Ottava del Natale - Circoncisione del Signore

LETTURA
Lettura del libro dei Numeri 6, 22-27 
In quei giorni. Il Signore parlò a Mosè e disse: «Parla ad Aronne e ai suoi figli dicendo: “Così benedirete gli Israeliti: direte loro: Ti benedica il Signore / e ti custodisca. / Il Signore faccia risplendere per te il suo volto / e ti faccia grazia. / Il Signore rivolga a te il suo volto / e ti conceda pace”. Così porranno il mio nome sugli Israeliti e io li benedirò».
                                                                           

Nel libro dei Numeri (6,22-27), come augurio per l'anno nuovo, ci viene ricordata la benedizione sacerdotale, voluta da Dio e limitata ad Aronne e alla sua discendenza. Secondo la tradizione rabbinica, questa formula veniva pronunciata per la benedizione del popolo, ogni giorno, dopo il sacrificio della sera. Ci sono molti richiami con le preghiere dei salmi. Il testo della benedizione è ordinato in 3 strofe al centro delle quali viene ricordato il nome divino di Javhè (tradotto qui come Signore), anche se allora mai pronunciato, ma sostituito con altri nomi.

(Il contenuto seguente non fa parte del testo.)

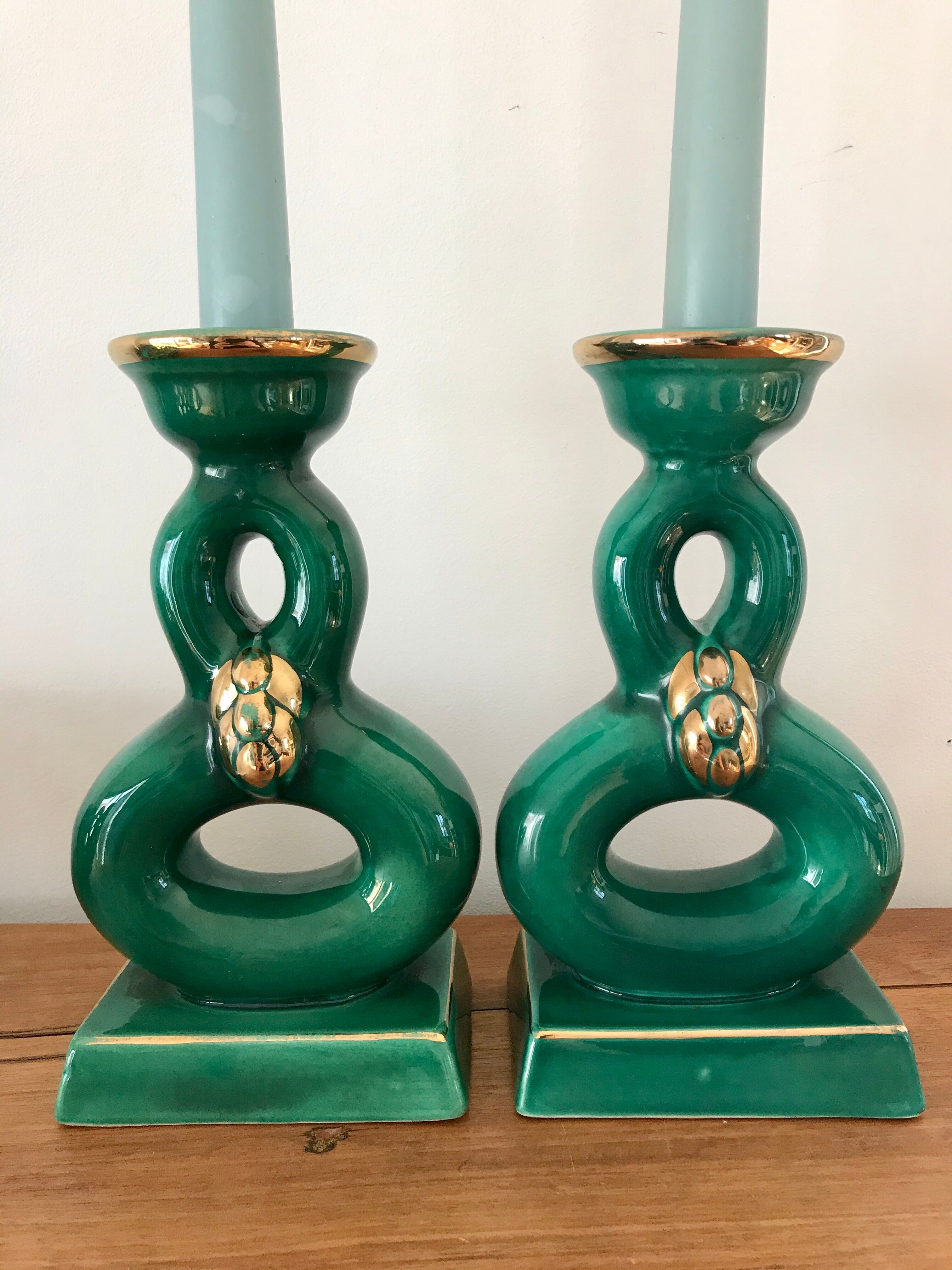 Pair of candlesticks in cermal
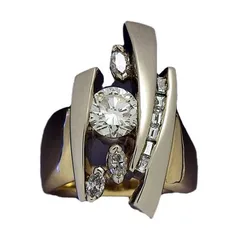 Sweet Geometric Unisex Rings For Everyday Wear Featuring Electroplated Gold Alloy With Zircon Inlay 4
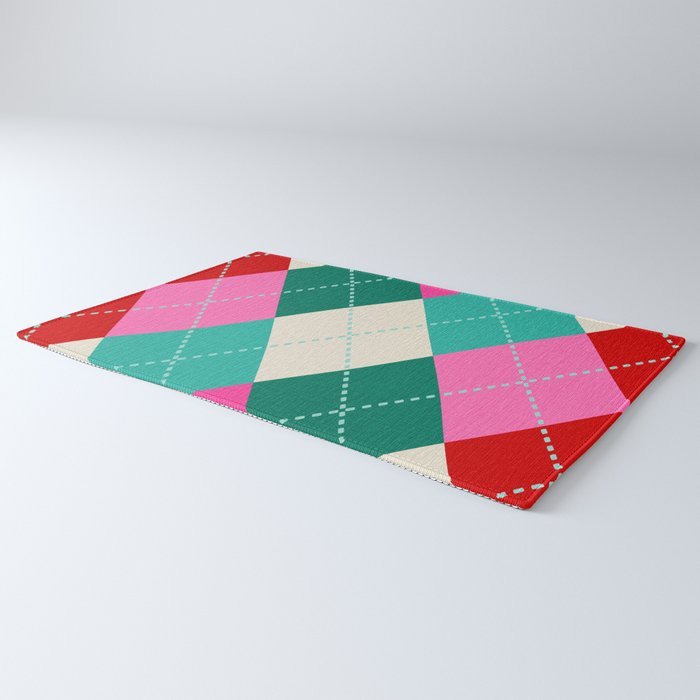 Retro Christmas Knitted Argyle Jumper 1. Rug Gallery Image 3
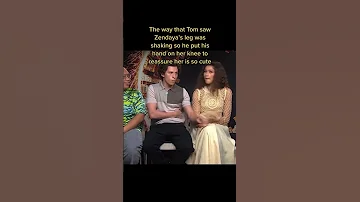 Tom puts his hand on Zendaya's leg cuz she was shaking || tomxzendaya3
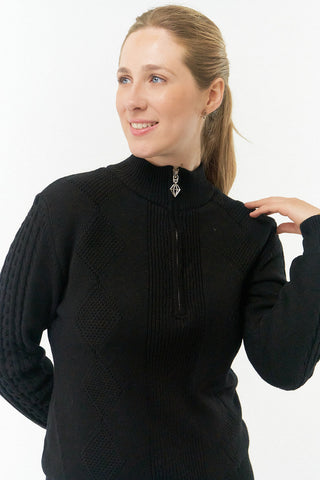 Pure Golf Sorrell Cable Knit Lined Quarter Zip Ladies Golf Jumper - Black
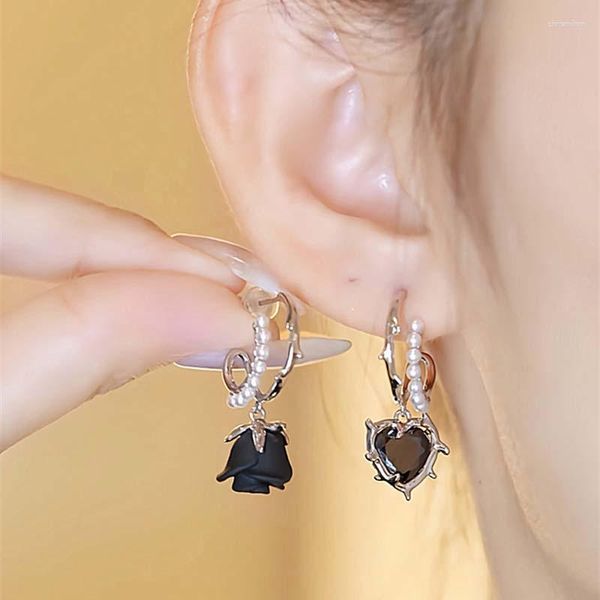 Pendientes colgantes góticos vintage negro rosa amor corazón asimetría chica señoras encanto colgante cumpleaños amistad joyería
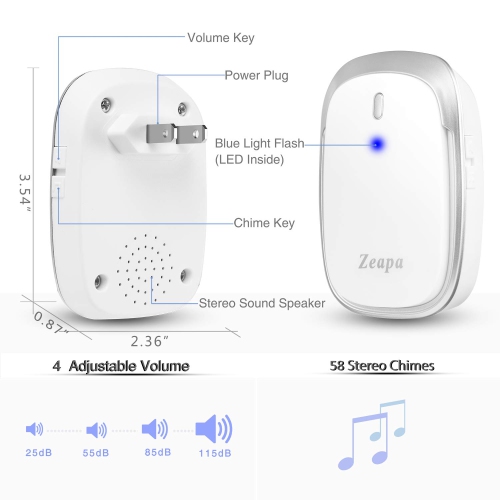 Sonnette sans fil, récepteurs 2-Plugin, 2 émetteurs, batterie incluse, portée 1300&nbsp;pi, 58 Chimes, 4 volume, fort, voyant DEL lumineux, étanche,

Dio è la fonte di ogni benedizione.
La formula nell'originale ebraico ha 3 parole nella prima strofa, 5 nella seconda e 7 nella terza. Dio si fa presente, esiste accanto, accompagna. Le invocazioni domandano che Javhè sia davvero Javhè per Israele e doni, prima, se stesso e poi ì suoi benefici.
Dio mostri la sua presenza favorevole accanto a Israele. Si fa riferimento al concreto benessere. 
Possiamo ricordare Deut 28,1- 13 o il testo Gen 1,28 dove la benedizione è legata alla fecondità o all'affido del governo del mondo all'uomo. Questo testo richiama anche l'efficacia della Parola di Dio (Is 55,10-11) che produce quanto pronuncia.
"Dio faccia brillare il suo volto " non significa tanto: "il Signore sorrida ma il Signore ti faccia percepire la sua presenza e personalità (volto) e ti faccia gustare quanto è illuminante e rassicurante il rapporto con Lui". E'richiamo di accoglienza e benevolenza.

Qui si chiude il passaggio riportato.